A fantastic paper just out in Cancer Cell: In Silico Prescription of Anticancer Drugs to Cohorts of 28 Tumor Types Reveals Targeting Opportunities from Nuria Lopez-Bigas's BioMedical Genomics lab in Barcelona.

They have developed an in silico prescription strategy by identifying the driver events in TCGA data, collating data on therapeutic drugs that target driver genes, and connecting  patients with driver mutations to potential therapies (see figure 1 from their paper below).
  • 40% (1635) of patients benefit from in silico prescription and repurposing of FDA-approved drug
  • 33.1% (1346) of additional patients benefit from in silico prescription and repurposing of drugs currently in clinical trials
  • 39% of patients could benefit from novel combination therapies
Figure 1 from Rubio-Perez et al (Cancer Cell 2015)
To identifying the driving events they took data from 28 cancers studied as part of TCGA and analysed all somatic SNVs, InDels, CNVs, fusions and RNA-seq differential gene expression. They found well over 400 genes that drive tumorigenesis via mutations, CNAs or gene fusions (data available at IntOGen http://www.intogen.org; Gonzalez-Perez et al., 2013a). Many of these driver events are in loss-of-function mutations that could be druggable, are present in many samples, and are not in well-established cancer genes. 25 driver events occur in at least 5% of tumours of at least one cancer type.

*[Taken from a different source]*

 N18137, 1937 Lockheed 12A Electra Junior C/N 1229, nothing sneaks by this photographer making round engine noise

Understanding cancer biology is vital: Whilst exciting the results presented need to be taken with a pinch of salt, and one worries about the headlines journalists might be using in non-scientific media! 

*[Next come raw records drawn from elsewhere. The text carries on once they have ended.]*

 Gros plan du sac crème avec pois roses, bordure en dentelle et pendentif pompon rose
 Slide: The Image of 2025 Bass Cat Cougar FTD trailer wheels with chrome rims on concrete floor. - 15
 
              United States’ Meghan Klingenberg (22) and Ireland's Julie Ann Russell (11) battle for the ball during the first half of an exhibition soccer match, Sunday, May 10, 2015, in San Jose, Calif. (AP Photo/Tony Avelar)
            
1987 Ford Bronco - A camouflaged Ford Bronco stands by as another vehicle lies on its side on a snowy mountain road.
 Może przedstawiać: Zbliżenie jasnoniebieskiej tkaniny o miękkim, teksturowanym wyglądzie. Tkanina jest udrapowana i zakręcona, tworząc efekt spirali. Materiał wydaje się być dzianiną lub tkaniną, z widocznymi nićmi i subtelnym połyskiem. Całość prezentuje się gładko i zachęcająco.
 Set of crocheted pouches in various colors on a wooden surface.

ICGC/TCGA and other NGS-based cancer projects have discovered new insights into cancer biology. However the results need very careful evaluation (and clinical trials) before their impact can be stated, and, at least in the case of Vemurafenib, targeted therapy can fail when applied to a different cancer. Vemurafenib increases survival in up to 80% of melanoma patients with the BRAF V600E mutation (although many patients develop resistance). But when prescribed to BRAF V600E positive colorectal cancer patients only 5% responded (see Prahallad et al in Nature 2012). This was reported as being due to activation of EGFR, by inhibition of BRAF V600E, driving continued cell proliferation. EGFR is expressed at low-levels in melanoma so the feedback activation is not significant. examples like this, and we can expect more to be reported, demonstrate the need to understand cancer biology with respect to targeted therapeutics.

The future for this kind of analysis looks bright: ICGC/TCGA data sets are getting larger and richer, analysis algorithms continue to improve, data on basket trials is starting to be reported, companies like Foundation Medicine are developing tests to report this kind of result. Hopefully this kind of analysis will be routine in just a few years time.